Produced for a reported $100 million, $12-million estimates put the biblical reboot in line to become one of the biggest box office bombs of the summer. Though Paramount is setting its opening closer to $20 million — perhaps wishful thinking.
Animated feature “Kubo,” with a voice cast including Matthew McConaughey and Charlize Theron, is expected to make the same — roughly $12 million — at the box office this weekend. Made for about $55 million and getting great reviews so far on Rotten Tomatoes (with a 92 percent score), the movie has better chances at making money both at home and abroad. Plus, animated features have long history of holding more interest weekend-over-weekend than their live-acton counterparts.

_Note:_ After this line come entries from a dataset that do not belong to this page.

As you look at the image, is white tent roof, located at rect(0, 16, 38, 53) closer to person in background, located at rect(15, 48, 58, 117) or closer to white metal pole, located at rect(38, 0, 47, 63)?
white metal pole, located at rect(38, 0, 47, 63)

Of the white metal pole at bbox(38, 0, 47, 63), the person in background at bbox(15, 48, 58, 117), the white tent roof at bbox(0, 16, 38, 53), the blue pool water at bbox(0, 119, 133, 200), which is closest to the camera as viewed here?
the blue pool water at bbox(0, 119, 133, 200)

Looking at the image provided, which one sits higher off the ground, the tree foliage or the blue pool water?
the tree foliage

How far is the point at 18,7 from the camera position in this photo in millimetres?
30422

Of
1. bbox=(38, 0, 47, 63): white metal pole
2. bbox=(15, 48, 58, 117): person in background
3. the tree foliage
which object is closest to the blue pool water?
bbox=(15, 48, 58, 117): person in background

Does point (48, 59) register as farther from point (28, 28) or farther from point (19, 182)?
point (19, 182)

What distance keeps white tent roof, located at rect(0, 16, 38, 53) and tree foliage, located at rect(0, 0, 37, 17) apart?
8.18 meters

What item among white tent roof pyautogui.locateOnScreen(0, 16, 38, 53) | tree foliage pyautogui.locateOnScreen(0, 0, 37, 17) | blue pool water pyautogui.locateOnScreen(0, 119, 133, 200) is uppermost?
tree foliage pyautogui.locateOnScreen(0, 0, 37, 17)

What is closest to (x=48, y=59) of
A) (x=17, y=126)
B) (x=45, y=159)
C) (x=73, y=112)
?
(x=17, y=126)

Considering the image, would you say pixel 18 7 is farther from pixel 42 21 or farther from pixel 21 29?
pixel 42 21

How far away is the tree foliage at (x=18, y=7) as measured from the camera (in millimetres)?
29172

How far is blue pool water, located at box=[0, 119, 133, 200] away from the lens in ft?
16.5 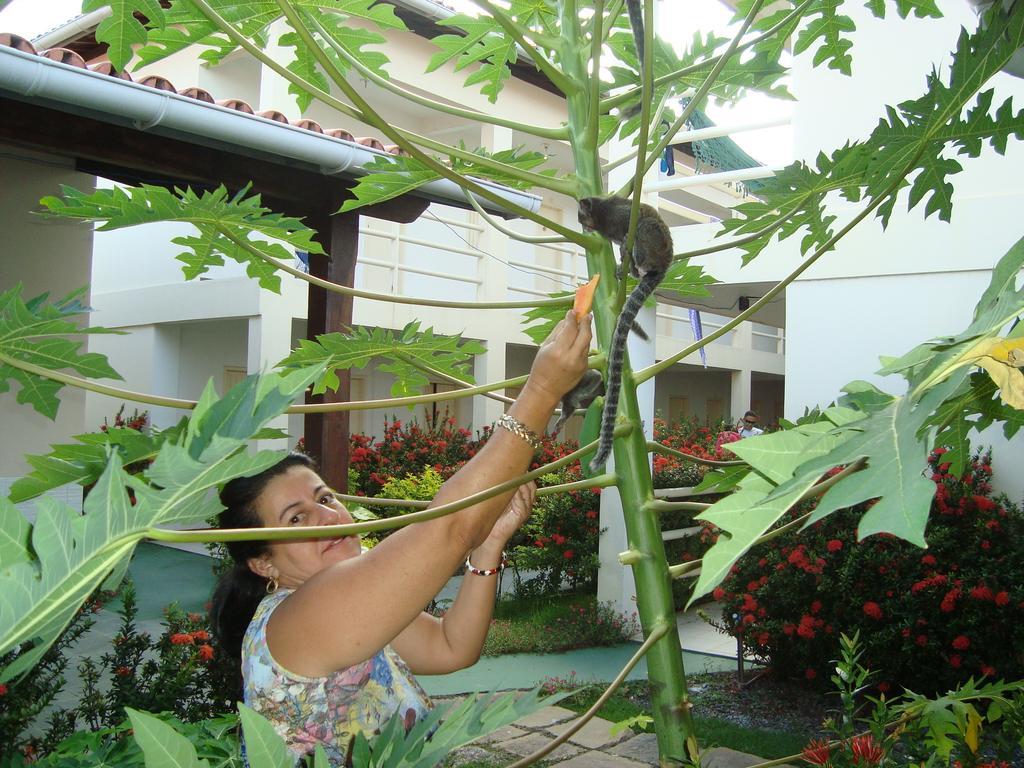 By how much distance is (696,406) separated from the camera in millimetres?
19141

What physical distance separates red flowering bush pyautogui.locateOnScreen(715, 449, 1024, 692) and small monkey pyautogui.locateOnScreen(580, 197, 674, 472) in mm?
3336

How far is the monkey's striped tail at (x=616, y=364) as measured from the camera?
3.70 ft

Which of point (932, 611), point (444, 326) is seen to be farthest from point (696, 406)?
point (932, 611)

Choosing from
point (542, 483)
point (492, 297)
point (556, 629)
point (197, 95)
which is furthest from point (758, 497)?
point (492, 297)

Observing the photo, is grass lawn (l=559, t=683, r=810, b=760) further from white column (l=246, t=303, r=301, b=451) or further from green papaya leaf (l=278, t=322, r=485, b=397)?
white column (l=246, t=303, r=301, b=451)

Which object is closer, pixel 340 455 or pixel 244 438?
pixel 244 438

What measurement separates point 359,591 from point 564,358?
0.47 meters

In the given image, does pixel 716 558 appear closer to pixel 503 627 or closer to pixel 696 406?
pixel 503 627

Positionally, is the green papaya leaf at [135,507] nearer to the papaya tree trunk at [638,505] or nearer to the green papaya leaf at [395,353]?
the papaya tree trunk at [638,505]

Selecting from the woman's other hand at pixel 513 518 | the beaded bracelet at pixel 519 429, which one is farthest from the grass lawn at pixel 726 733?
the beaded bracelet at pixel 519 429

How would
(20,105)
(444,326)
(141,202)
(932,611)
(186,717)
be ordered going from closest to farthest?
(141,202) → (186,717) → (20,105) → (932,611) → (444,326)

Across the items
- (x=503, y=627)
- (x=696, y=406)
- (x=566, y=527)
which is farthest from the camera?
(x=696, y=406)

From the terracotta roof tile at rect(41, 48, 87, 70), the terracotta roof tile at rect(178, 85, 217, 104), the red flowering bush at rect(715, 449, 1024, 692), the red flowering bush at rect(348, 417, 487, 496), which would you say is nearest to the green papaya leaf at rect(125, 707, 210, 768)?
the terracotta roof tile at rect(41, 48, 87, 70)

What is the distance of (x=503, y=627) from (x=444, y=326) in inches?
199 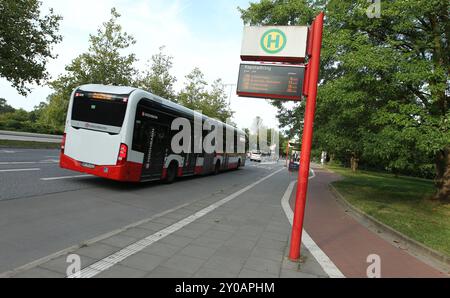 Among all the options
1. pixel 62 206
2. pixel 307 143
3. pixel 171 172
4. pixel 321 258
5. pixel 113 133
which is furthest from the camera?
pixel 171 172

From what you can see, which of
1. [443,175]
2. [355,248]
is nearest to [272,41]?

With “War Dogs” expected to come in closer to $13 million, there’s a good chance the Jonah Hill and Miles Teller movie will finish ahead of the new heap. But all of this week’s newbies are likely to lose out to holdovers “Suicide Squad,” “Sausage Party,” and “Pete’s Dragon” — though it should be relatively close all around.

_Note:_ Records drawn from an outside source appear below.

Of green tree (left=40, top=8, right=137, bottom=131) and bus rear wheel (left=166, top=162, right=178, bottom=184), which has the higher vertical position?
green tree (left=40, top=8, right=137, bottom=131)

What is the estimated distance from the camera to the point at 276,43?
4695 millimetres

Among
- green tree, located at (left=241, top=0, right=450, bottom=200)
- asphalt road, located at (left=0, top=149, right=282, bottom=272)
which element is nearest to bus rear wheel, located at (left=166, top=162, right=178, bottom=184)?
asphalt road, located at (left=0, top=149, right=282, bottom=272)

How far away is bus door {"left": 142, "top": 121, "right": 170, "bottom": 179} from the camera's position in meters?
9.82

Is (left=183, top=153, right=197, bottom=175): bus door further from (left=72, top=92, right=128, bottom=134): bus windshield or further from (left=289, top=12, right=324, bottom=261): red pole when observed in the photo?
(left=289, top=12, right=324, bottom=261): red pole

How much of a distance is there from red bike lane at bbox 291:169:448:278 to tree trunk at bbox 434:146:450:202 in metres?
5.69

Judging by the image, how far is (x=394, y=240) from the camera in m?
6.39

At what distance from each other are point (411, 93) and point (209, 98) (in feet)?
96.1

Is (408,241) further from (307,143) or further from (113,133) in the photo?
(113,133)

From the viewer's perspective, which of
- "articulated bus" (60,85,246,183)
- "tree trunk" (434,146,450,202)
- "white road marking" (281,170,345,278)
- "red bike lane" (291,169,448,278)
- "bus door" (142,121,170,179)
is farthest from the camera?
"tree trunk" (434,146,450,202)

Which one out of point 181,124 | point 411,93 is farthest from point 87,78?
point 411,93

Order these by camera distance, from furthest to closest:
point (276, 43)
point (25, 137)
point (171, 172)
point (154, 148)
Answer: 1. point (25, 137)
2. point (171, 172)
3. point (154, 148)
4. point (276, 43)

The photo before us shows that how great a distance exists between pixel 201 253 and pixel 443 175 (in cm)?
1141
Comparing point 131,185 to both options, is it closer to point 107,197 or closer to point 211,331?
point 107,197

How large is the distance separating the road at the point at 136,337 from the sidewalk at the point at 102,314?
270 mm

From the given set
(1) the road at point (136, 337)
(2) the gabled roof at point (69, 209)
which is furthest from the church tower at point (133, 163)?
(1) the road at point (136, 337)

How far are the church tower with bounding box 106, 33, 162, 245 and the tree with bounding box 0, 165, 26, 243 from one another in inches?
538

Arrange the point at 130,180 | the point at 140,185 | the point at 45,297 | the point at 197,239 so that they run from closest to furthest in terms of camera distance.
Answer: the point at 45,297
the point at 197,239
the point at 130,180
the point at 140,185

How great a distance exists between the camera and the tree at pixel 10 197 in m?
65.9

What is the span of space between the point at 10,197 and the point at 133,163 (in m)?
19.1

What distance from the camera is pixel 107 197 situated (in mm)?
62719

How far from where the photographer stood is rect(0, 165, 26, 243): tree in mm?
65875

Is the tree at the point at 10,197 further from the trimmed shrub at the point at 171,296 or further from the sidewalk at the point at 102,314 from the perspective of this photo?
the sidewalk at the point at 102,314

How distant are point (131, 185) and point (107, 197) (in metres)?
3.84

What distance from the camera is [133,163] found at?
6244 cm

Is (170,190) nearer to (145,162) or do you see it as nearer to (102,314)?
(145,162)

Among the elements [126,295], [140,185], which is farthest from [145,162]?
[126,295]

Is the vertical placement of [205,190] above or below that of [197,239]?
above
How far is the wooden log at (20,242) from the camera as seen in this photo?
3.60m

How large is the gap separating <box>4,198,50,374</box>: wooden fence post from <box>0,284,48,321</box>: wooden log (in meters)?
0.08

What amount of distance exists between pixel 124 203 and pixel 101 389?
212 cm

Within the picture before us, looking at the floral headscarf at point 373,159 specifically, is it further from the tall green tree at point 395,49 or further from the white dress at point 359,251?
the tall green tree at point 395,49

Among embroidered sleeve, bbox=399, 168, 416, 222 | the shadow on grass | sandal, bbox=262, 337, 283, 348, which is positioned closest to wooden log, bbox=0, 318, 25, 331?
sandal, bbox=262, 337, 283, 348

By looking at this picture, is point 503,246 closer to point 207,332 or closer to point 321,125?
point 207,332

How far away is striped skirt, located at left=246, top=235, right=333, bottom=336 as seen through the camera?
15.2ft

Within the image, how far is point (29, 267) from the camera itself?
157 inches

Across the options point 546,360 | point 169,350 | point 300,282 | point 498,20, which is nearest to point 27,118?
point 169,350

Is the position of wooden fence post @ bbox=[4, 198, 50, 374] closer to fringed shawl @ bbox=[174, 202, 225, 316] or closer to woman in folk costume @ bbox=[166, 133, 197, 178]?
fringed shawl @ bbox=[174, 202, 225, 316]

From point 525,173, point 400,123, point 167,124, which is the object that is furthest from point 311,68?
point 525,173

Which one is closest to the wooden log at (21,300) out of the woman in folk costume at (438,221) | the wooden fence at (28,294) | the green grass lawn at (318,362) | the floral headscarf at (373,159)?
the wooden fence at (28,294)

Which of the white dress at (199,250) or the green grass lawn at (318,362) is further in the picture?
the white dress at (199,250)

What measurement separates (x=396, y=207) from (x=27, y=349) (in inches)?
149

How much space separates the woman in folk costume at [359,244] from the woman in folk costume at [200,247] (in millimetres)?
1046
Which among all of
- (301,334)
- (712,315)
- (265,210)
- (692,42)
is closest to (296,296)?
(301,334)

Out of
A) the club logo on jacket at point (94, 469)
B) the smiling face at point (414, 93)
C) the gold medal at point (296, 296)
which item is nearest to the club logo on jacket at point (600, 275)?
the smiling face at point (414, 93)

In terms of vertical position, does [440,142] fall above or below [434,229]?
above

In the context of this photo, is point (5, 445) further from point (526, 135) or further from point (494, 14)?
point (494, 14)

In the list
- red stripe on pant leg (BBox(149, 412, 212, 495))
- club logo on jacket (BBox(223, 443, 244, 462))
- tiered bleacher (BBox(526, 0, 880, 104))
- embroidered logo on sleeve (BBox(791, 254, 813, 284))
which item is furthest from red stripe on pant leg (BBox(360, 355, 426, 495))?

Don’t rule out any surprises says comScore senior analyst Paul Dergarabedian. “August is the month of the edgy, different movies that are often not expected to do as well,” he told TheWrap. “Just look at ‘Sausage Party.'”
Opening in 3,100 locations, “Ben-Hur” stars Jack Huston, Toby Kebbell, Rodrigo Santoro and Morgan Freeman in the epic story of Judah Ben-Hur, who flees his homeland after being falsely accused of treason only to come back years later to seek revenge. Directed by Timur Bekmambetov, the film’s review embargo has not yet been lifted — never a good sign this close to the release.
“Kubo,” opening in 3,260 theaters, is about a boy’s quest to unlock the secret of his legacy. Set in Japan, the animated feature’s voice cast also includes Art Parkinson, Ralph Fiennes, George Takei, Cary Hiroyuki-Tagawa and Rooney Mara. It was written by Marc Haimes and Chris Butler, from a story by Shannon Tindle and Haimes. The film was directed by Travis Knight.
Finally, “War Dogs,” produced for roughly $40 million, is opening in 3,100 locations. Directed by Todd Phillips, the film is based on a true story of two men who won a $300-million contract from the Pentagon to arm America’s allies in Afghanistan. Something of a bromance, “War Dogs” also features a Bradley Cooper in a small, but memorable role.